How much traffic can one machine generate?

Yes, one computer with malware, a torrent client, can easily saturate a 5MB link. Heck, it should be easy enough to saturate a 5MB link with just normal network traffic.

You should check some of the questions on the site related to traffic monitoring, and shaping. There is lots of good advice about methods you can discover what is causing the link to be saturated and how to fix it.

  • Traffic Management recommendations
  • QoS tag
  • Network Traffic Monitoring
  • Monitor Internet bandwidth

5 mbps is slow compared to what a computer can transfert. So Yes, a computer can use 100% of the internet link. There is 2 major protocols over Internet : TCP and UDP. If other users use TCP based application (like http/smtp/..) this can slow down your connection but you should not get timeout problems. If they use UDP (like if they are streaming a video or doing VoIP) they can saturate the link and you will get lots problem as you have. Just to be sure, when you have your problem with outlook, are you on a wireless network or on a wired one ?

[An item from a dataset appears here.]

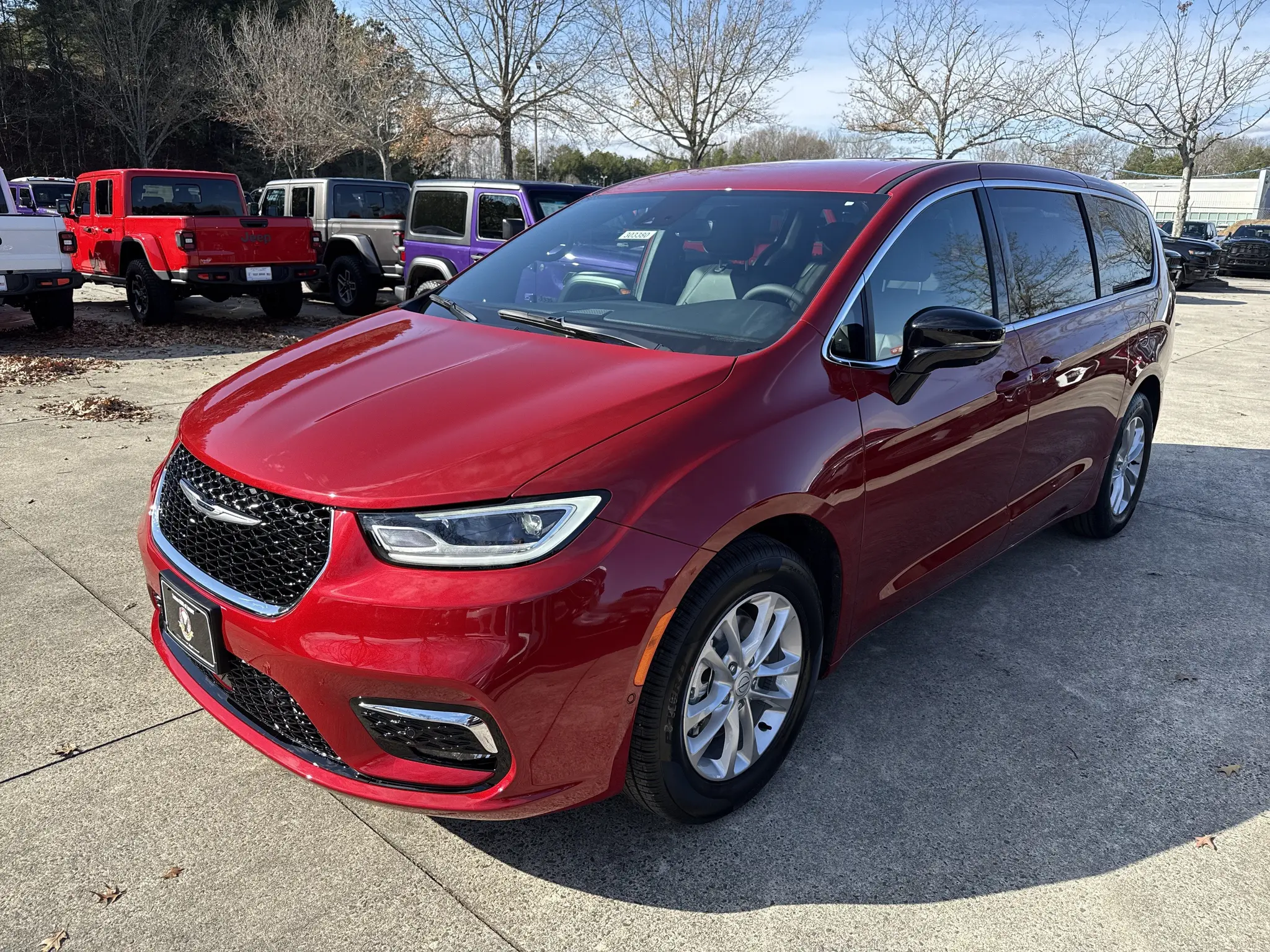 2026 Chrysler Pacifica Select photo 3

No one has mentioned this yet but one computer spewing broadcast packets as fast as it can on a network can cause a lot of problems on a local network. This problem becomes more of an issue on larger networks.

One funny story with Malware. At one of my previous jobs we had compute cluster of 25 dual Xeon machines back when the MS Blaster virus came out. They were running software that would break with the MS patch that they rushed out. So to protect the cluster of computers we made sure that every computer on our network was fully patched as a level of protection. This worked great until someone brought in an infected laptop and connected to our network. We instantly had 25 dual Xeon's with gigE links flooding our network with traffic. This resulted in 100% packet loss on our local network. Forget about getting to the internet. So yes this is a real threat.

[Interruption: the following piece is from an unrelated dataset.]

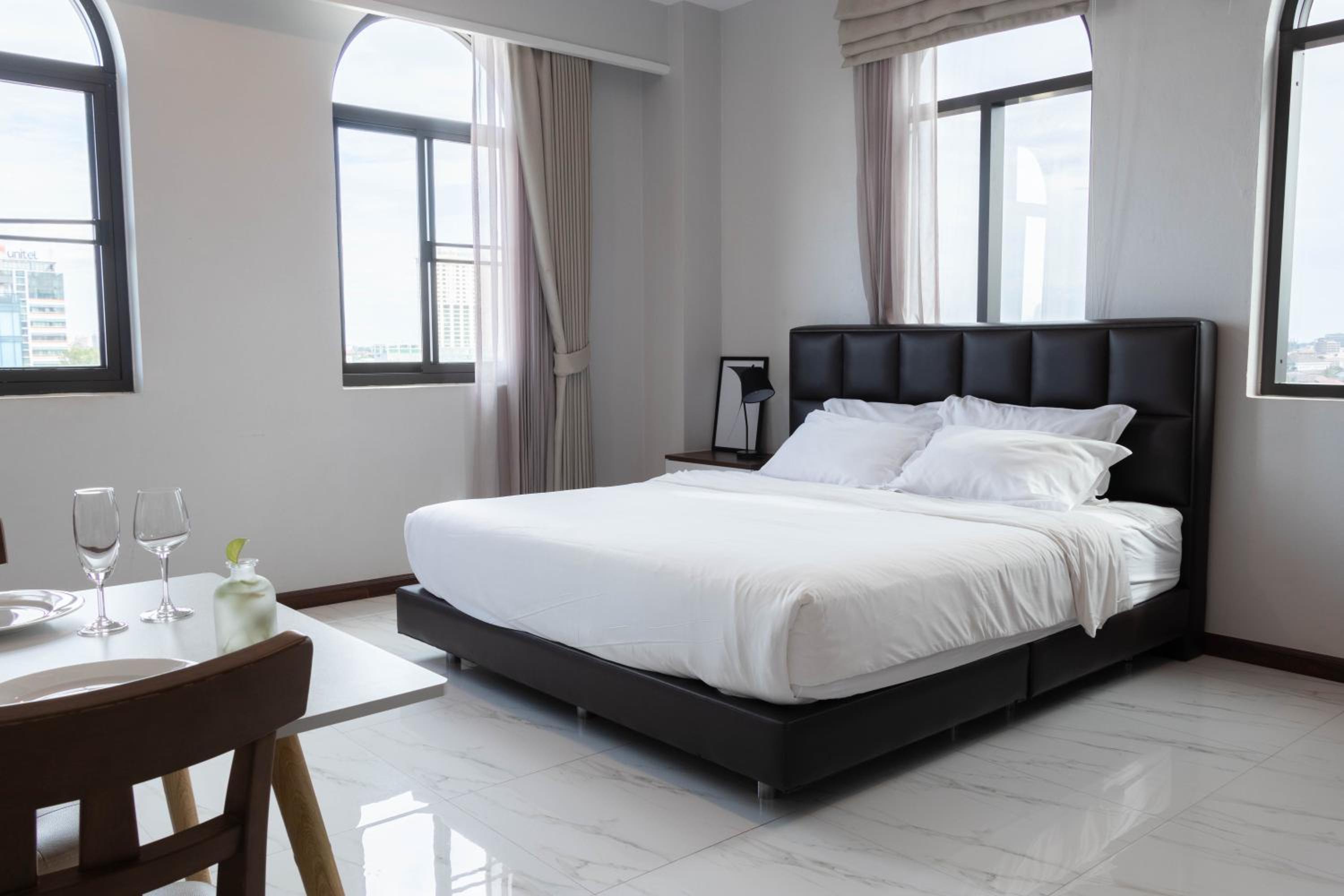 Deluxe King Room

In this case the laptop was one of our sales staff but this could have easily been a guest wireless connection laptop so be careful how you set that stuff up.

Where I work now our guest wireless is not open but has a simple password, is on its own network segment that has no access to our internal networks, and traffic from that network segment is marked as low priority and limited to about 30% of our bandwidth going out to the internet.

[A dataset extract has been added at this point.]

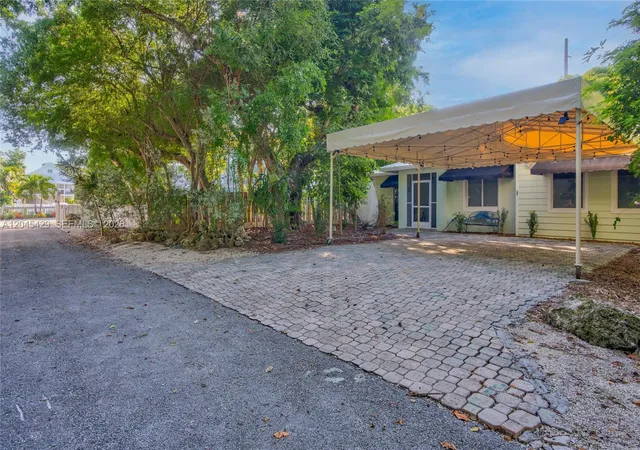 38th image of 27 Blue Runner St, Key Largo, FL 33037 | MLS# A12045429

  • P2P Software can hog bandwidth and a 5Mbps link is quite narrow for torrent communications. A single torrent client communicating with about 25 peers each at 256Kbps will finish your uplink
  • A single malware infected machine has the potential of disrupting your enterprise network and also spreading inside the enterprise faster than an infection from the internet
  • A malware infected machine can also disrupt your network devices (switches/routers) and servers
  • An unsecure wireless AP is probably the worst thing you can do with your network. Besides disrupting and snooping enterprise traffic, you may land up being answerable to things done by people who were never ever on your premises.
  • Have you considered the possibility of on-line gaming or streaming software being used in your enterprise? That will take up the 5Mbps too

So, what can you do?

  • Consider monitoring traffic by protocol on your uplink. If you have a router or proxy there it will help
  • Talk with your ISP to give you a report that classifies the traffic utilization. That will help you figure out exactly what is hogging your bandwidth
  • Confirm that your Windows machines are patched correctly and your AV/AS systems are also updated regularly with signature updates
  • Explicitly firewall all inbound communications that are not part of your organization policies (if you are not supposed to run a Mail server on any machine except the mail server, block incoming port 25 for all other machines, etc).